ENTRIES PROVIDED:

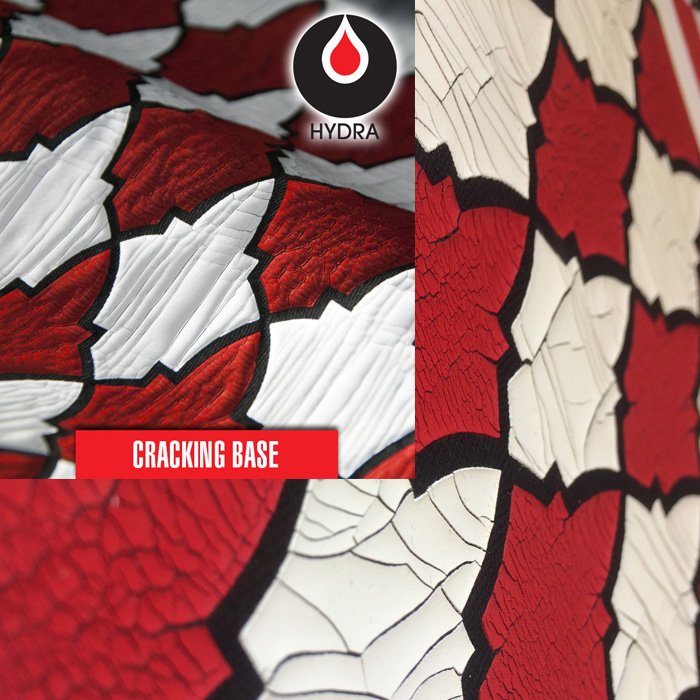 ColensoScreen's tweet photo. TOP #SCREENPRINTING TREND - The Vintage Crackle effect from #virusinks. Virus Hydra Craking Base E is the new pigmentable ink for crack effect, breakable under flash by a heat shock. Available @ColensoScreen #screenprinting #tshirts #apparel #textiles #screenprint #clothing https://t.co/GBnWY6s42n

==

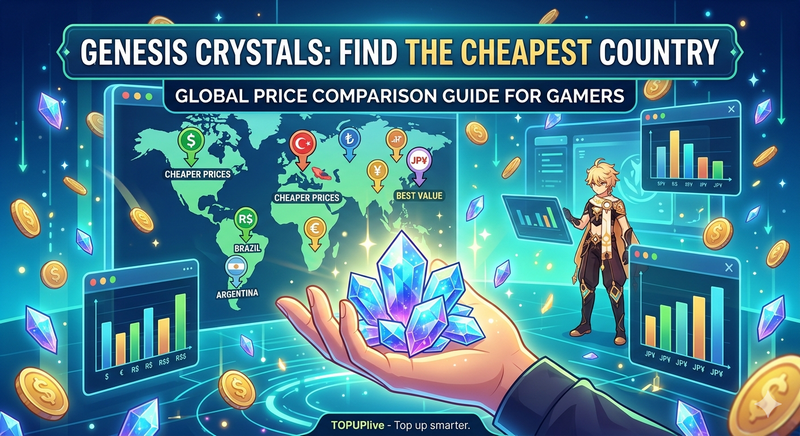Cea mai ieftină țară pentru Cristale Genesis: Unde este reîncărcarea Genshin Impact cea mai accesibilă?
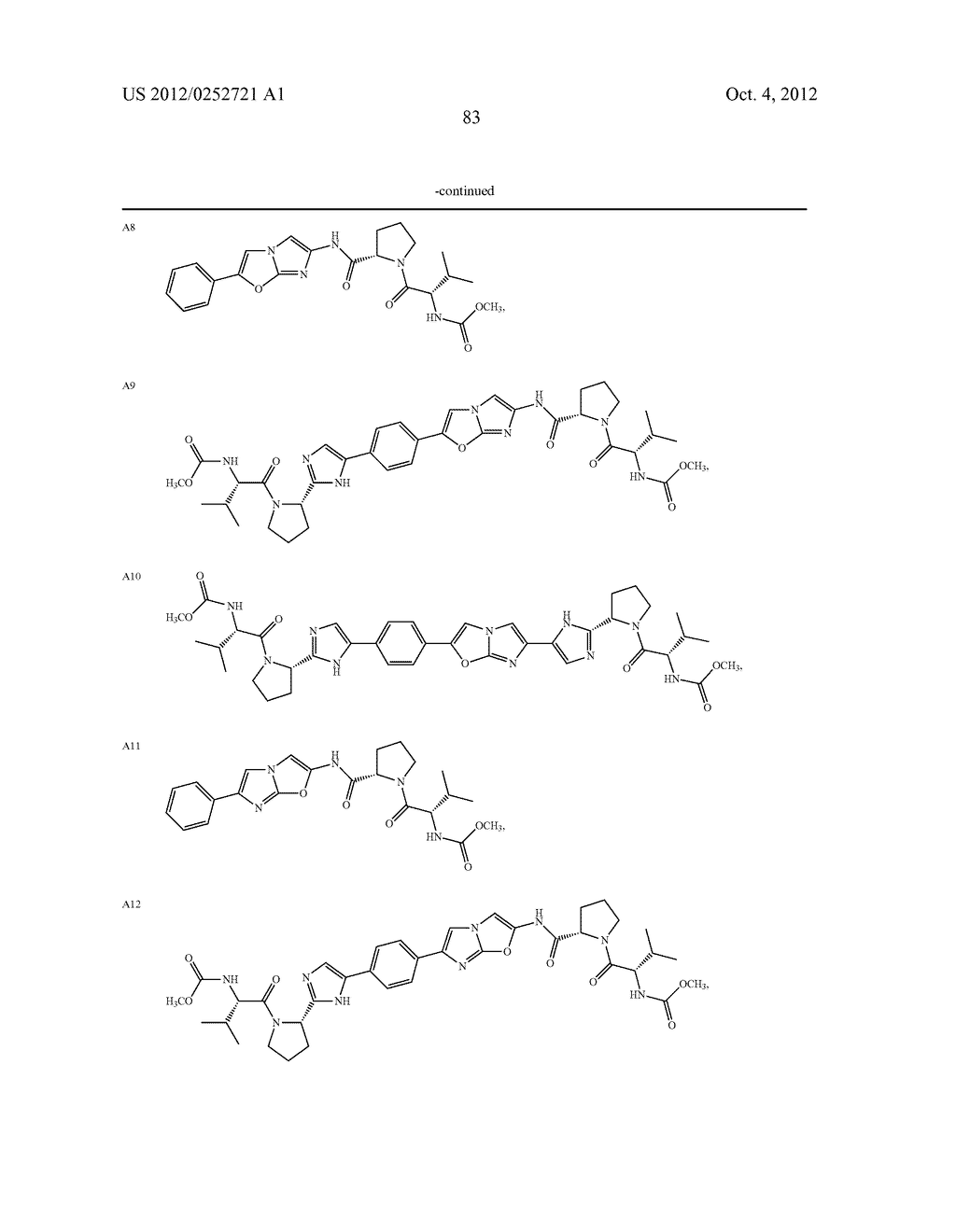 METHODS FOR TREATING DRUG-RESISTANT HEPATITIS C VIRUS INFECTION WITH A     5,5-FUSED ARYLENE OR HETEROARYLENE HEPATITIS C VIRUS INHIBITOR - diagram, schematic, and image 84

TASK DESCRIPTION: In the records above, copy exactly everything from the line that has "Cea mai ieftină" down to the line that has "METHODS FOR TREATING", both ends included, and leave out the pictures.

EXPECTED ANSWER:
Cea mai ieftină țară pentru Cristale Genesis: Unde este reîncărcarea Genshin Impact cea mai accesibilă?
 METHODS FOR TREATING DRUG-RESISTANT HEPATITIS C VIRUS INFECTION WITH A     5,5-FUSED ARYLENE OR HETEROARYLENE HEPATITIS C VIRUS INHIBITOR - diagram, schematic, and image 84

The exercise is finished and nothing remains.